Crude oil price remains strong in European morning as International Energy Agency raised its demand forecasts on the energy market. Moreover, surge in China's net import for crude oil to the highest in 14 months also stimulated buying.
IEA upgraded its estimates on global oil demand, the first time in 10 months, by 0.12 mmb to 83.3 mmb in 2009 as driven by consumption in the US and China. However, the agency stated that the upward revisions do not import economic recovery by may reflect moderation in previous sharp decline. On annual basis, the demand still represents -2.9% decline from 2008.
Concerning production, IEA said that OPEC crude oil production in May should have increased again, probably tempted by strong rally in recent months. Non-OPEC output in May should have dropped by 0.37 mmb during the month, offsetting the increase in OPEC productions. Non-OPEC supply in 2009 is also revised up by 0.17 mmb on stronger growth at new Russian fields, more robust North Sea production and higher crude output in Columbia.
China, the worlds'second largest oil consumer, recorded net crude imports of 3.9M bpd (16.62M metric tons) in May. This was the highest level in 14 months and definitely increased investors'confidence. China's diesel market has shown signs of tightening and may import over 50% of its crude oil needed this year. Overall trade figures looked good as exports stabilizing while imports growth remaining strong.
Other data released in China were also robust, suggesting the government's RMD 4 trillion stimulus package has been effective. Urban fixed asset investments surged +32.9% yoy in first 5 months in 2009, compared with market expectation of +31% and +30.5% in the first 4 months.
Stock markets in Asia also boosted by the strong economic data in China with the MSCI Asia Pacific Index adding 0.4% as led by commodity stocks. Rio Tinto, the world's 3rd largest mining company, surged more than 5% in its Australian bourse as 19% of its sales were come from China. Signs of recovery in China imply better prospects for the company. China Petroleum & Chemical Corp, China's largest refiner, also climbed 3.2% in Hong Kong.
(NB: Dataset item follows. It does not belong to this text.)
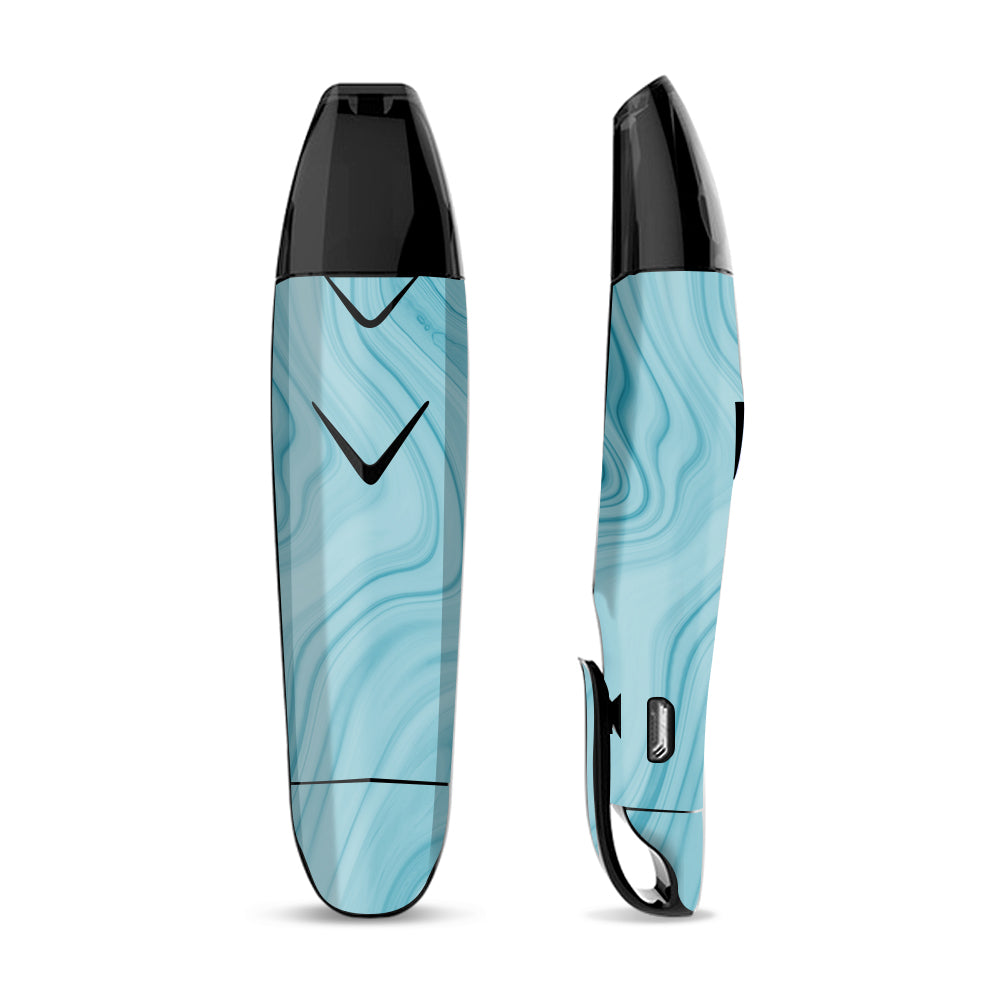 Skin Decal for Suorin Vagon  Vape / Teal Blue Ice Marble Swirl Glass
Gold price continues to trade sideways at 950-960. On the investment demand front, we have observed the phenomenon that Investors'gold exposure has been shifted to paper holdings from physical holdings. Bullion holdings in SPDR have remained unchanged at 1132.15 metric tons since last week. Gold held in ETF Securities only increased modestly. On the other hand, speculative net long positions in gold futures have surged rapidly in recent weeks. The speculative net long position of 187340 for the week ended Jun 2 was comparable to the highest levels on February 2008, when gold price was pushed to record highs. Concerning non-investment demand, last month's surge in gold price has affected India's jewelry sales which stayed flat in May on monthly basis. In April, demand rose 25-30% at the start of the Indian wedding season.